Regarding bike rack etiquette, you are supposed to lock bikes sideways/parallel to the street so the bikes aren't sticking out and blocking the sidewalk. Especially on narrower sidewalks you need to be mindful of ADA access.
These days we have spaces that were custom designed expressly for bike racks, such as Divvy stations, so it's gotten a bit more confusing.
I am a recreational Divvy rider and I bike mostly on the Lakefront path around Oak Street Beach. Now that we are in beautiful weather season what drives me crazy is cyclists who seem to think it is their right not to slow down when it gets to the beach areas and intersections on the Lake Front Path. We are in the season of clueless tourists, clueless parents with toddlers who walk erratically on the Lakefront Path.

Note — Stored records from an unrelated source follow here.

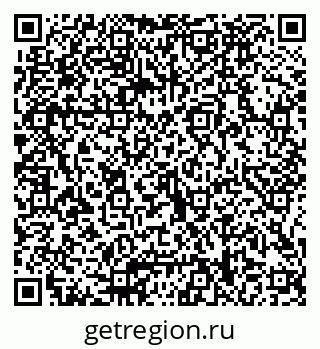 79066088113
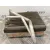 Evaporador Aire Acondicionado para Seat Leon (1M1)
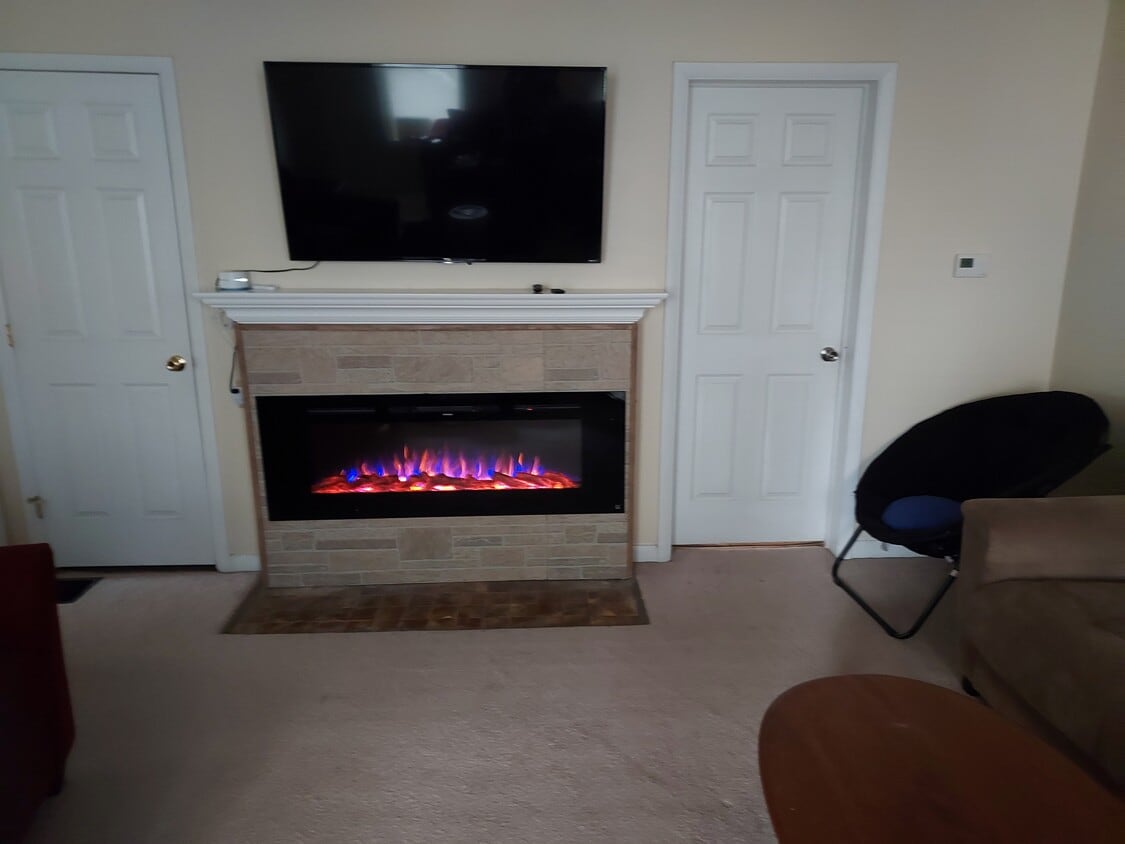 Foto principal - 26 Lincoln Ave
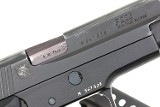 SIG SAUER P225 Pistol, Swiss Thurgau Police, M547828, FB02052 - 3 of 10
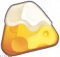 奶酪3.png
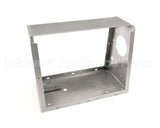 8700210 Univex Housing, Mg22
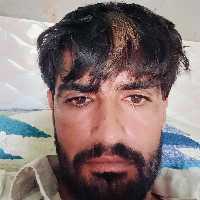 Manpal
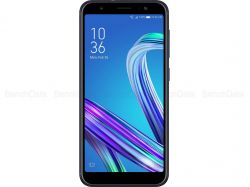 ASUS Zenfone Max M1 ZB 555KL, Double SIM, 32Go, 4G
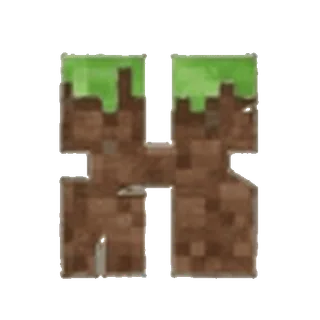 🤎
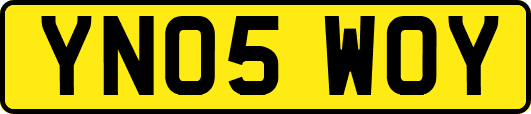 YN05WOY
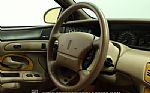1993 Mark VIII Thumbnail 48
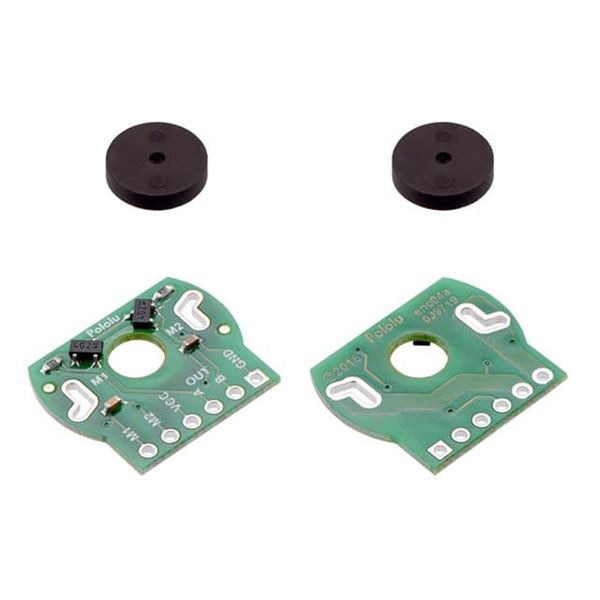 3499 Adafruit Industries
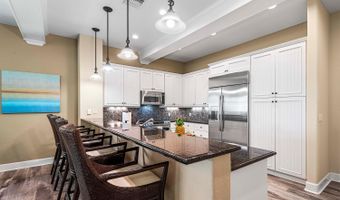 68-1118 N KANIKU Dr 205, Kamuela, HI 96743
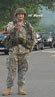 ./cow/cowsummer/ruck_beast/thumbnails/ruckmarch_7july_033.jpg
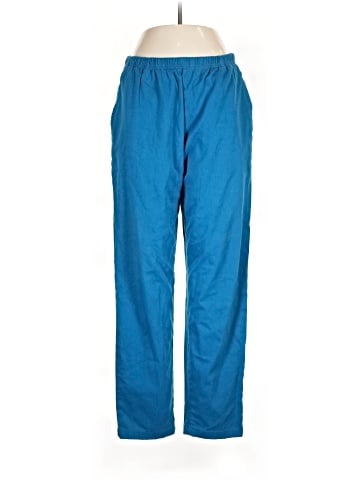 Collections etc. Casual Pants (view 1)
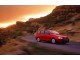 Характеристики автомобиля SEAT Cordoba 1.4 MT Freeze (05.2001 - 09.2002): фото, вместимость, скорость, двигатель, топливо, масса, отзывы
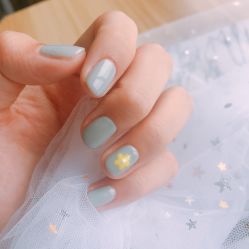 -ZLAN芝兰にほん美甲美睫肌の沙龙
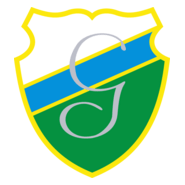 KKS Granica Kętrzyn Logo PNG Vector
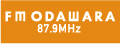 FM ODAWARA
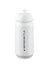 Assos Signature Flaske Hvit, 500 ml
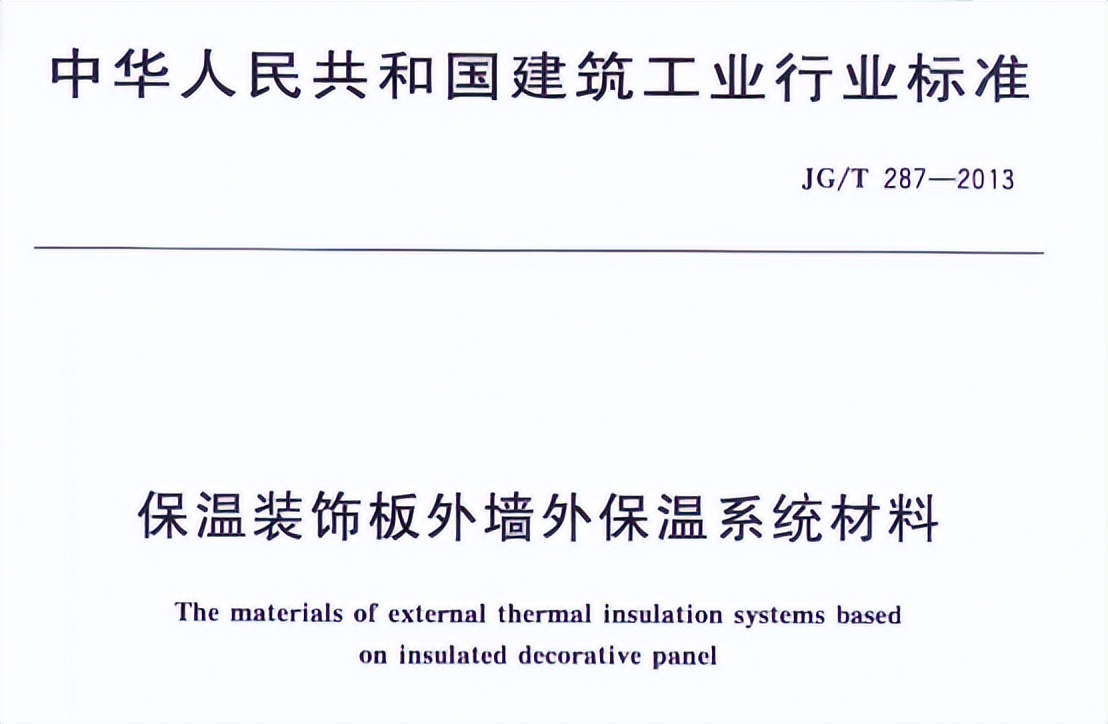 国产麻豆放荡AV剧情演绎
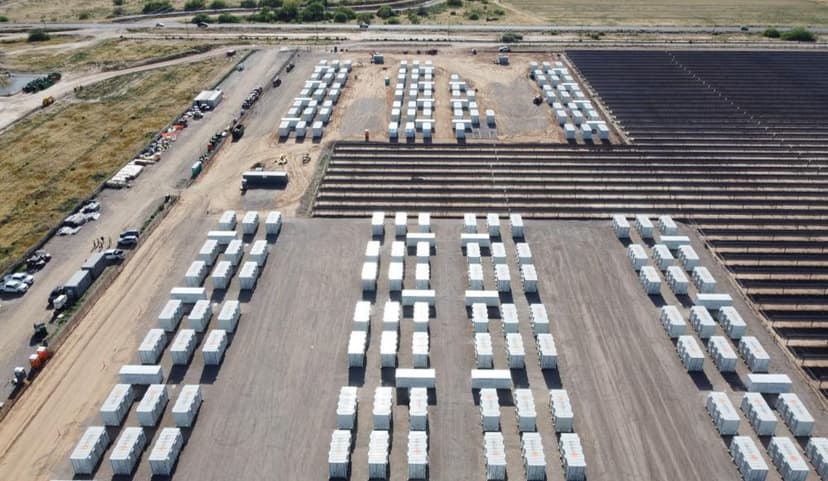 Arizona, USA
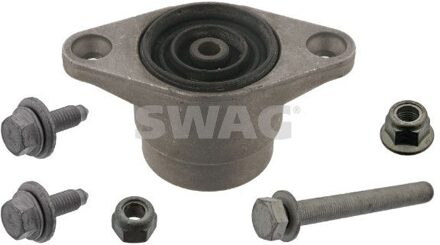 Audi Veerbeenlagerset 30939540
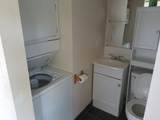 10120 Aintree Crescent - Photo 8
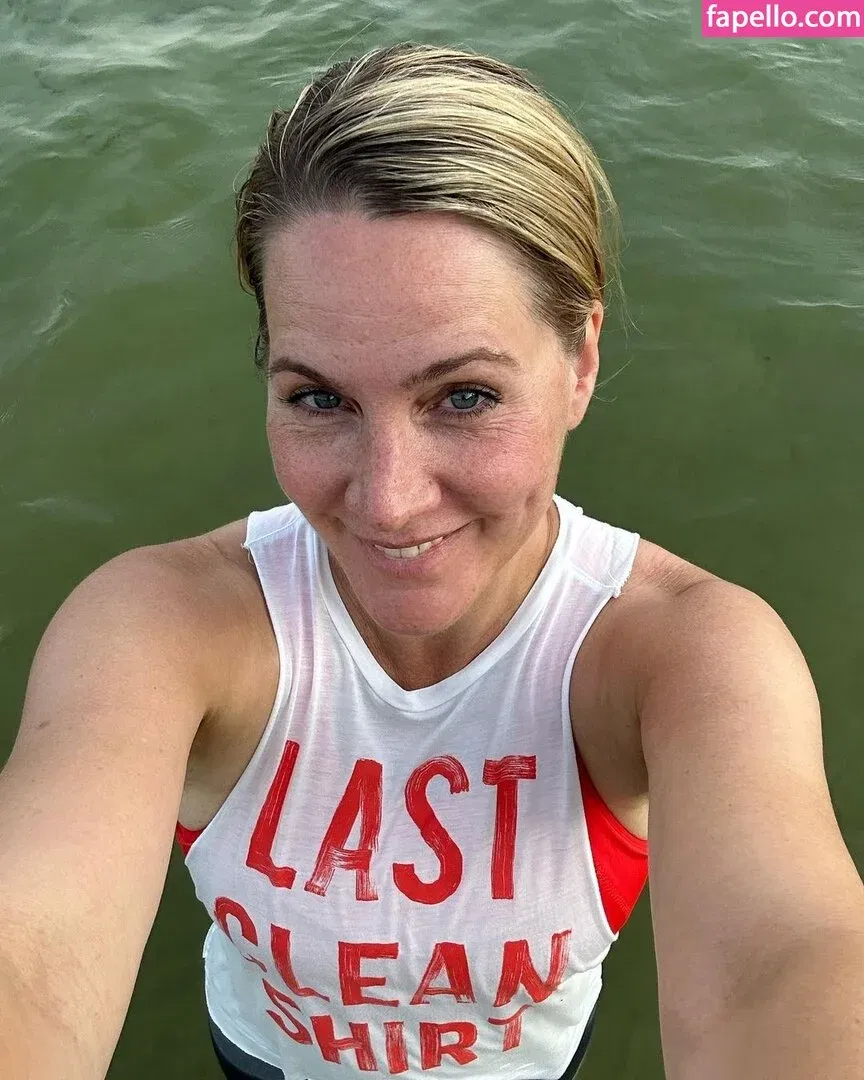 Judith Rakers Onlyfans Photo Gallery 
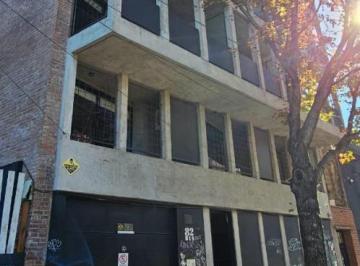 Departamento · 25m² · 1 Ambiente · 1 Cochera · Departamento en Aqluiler Equipado Pichincha Monoambiente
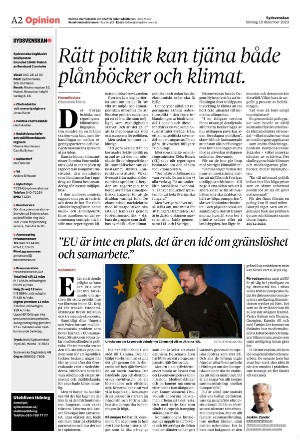 sydsvenskadagbladet_lund-20231210_000_00_00_002.pdf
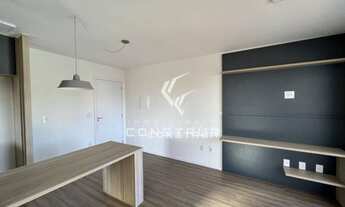 Imagem 3: Moderno, aconchegante e completo !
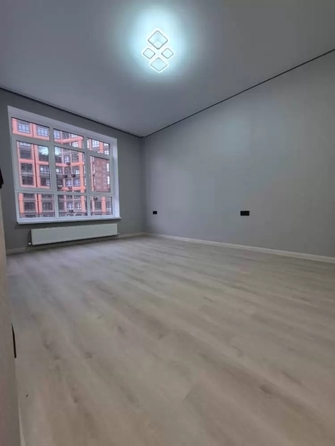 
  Продается 1-комн. квартира 35.27 м². Фото 15.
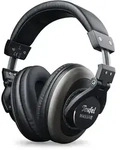Teufel MASSIVE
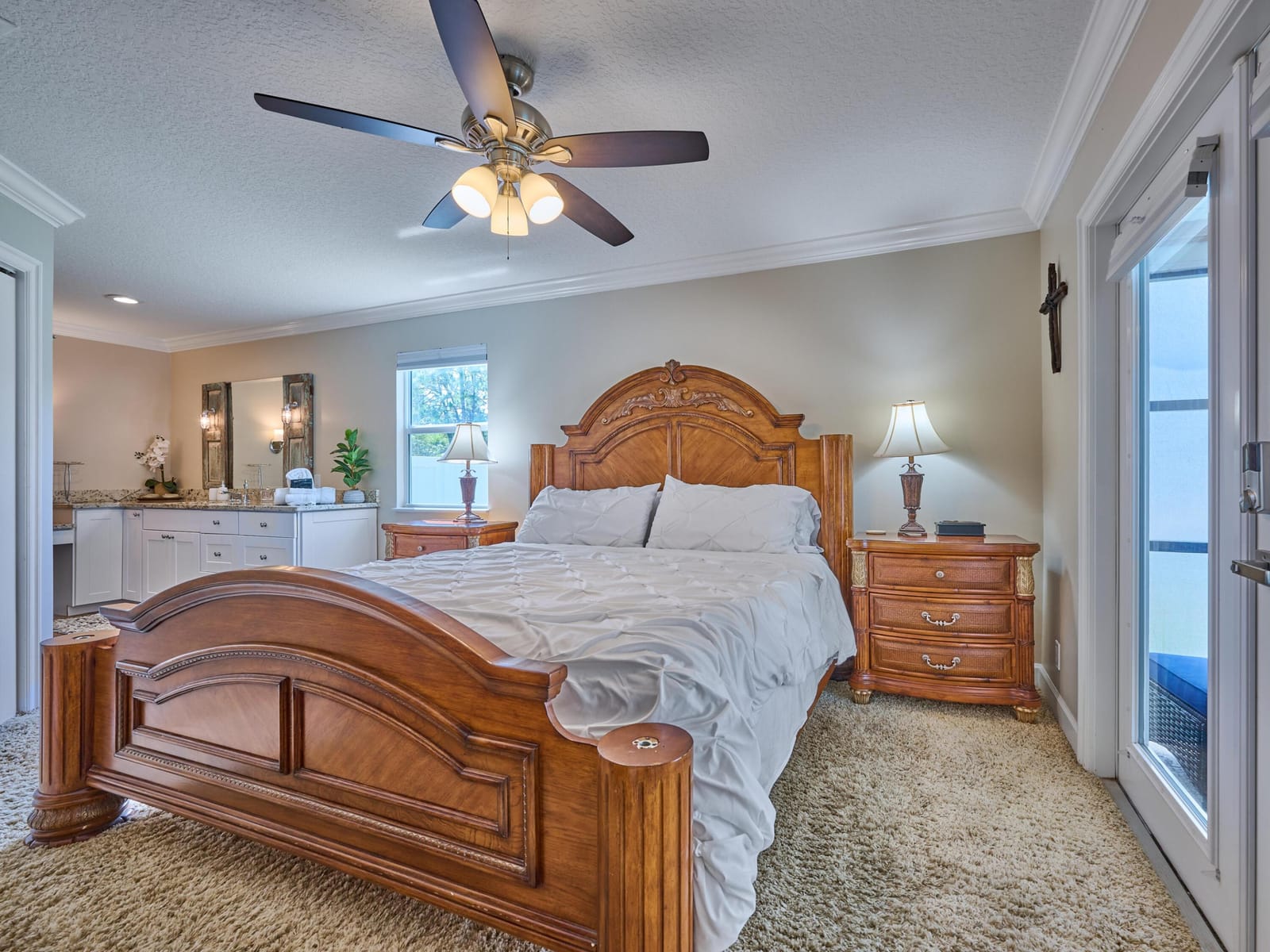 708 Weldwood Road, Jupiter, FL 33458 photo 4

I cannot say how many times I have seen cyclists just whiz by missing me and just barely missing a person.
I understand what it is to be in the zone, to be in the middle of a workout or ride but it is completely irresponsible not to slow down and be wary and careful around places like Oak Street beach on and off areas. Of course, there becomes such a critical mass of people in the summer it becomes impossible. But I am talking about early morning and cyclists seem to think it is their right to not slow down.
I personally think the Park District needs to create walk your bike zones in the summertime. So this is my pet peeve become these cyclists give bikers a bad name, they usually are rude, they seem to think they own the road, they look at it as an obstacle course to show how good at biking they are. A lot of Divvy riders do not know what "on your left" means. There are tons of responsible bikers, and people who are racers that train on the Lakefront that are responsible. I seem to come across the "A-hole" bikers a lot in these areas. I really think bike accidents and deaths would be avoided if people walked their bikes at intersections and congested people, car areas.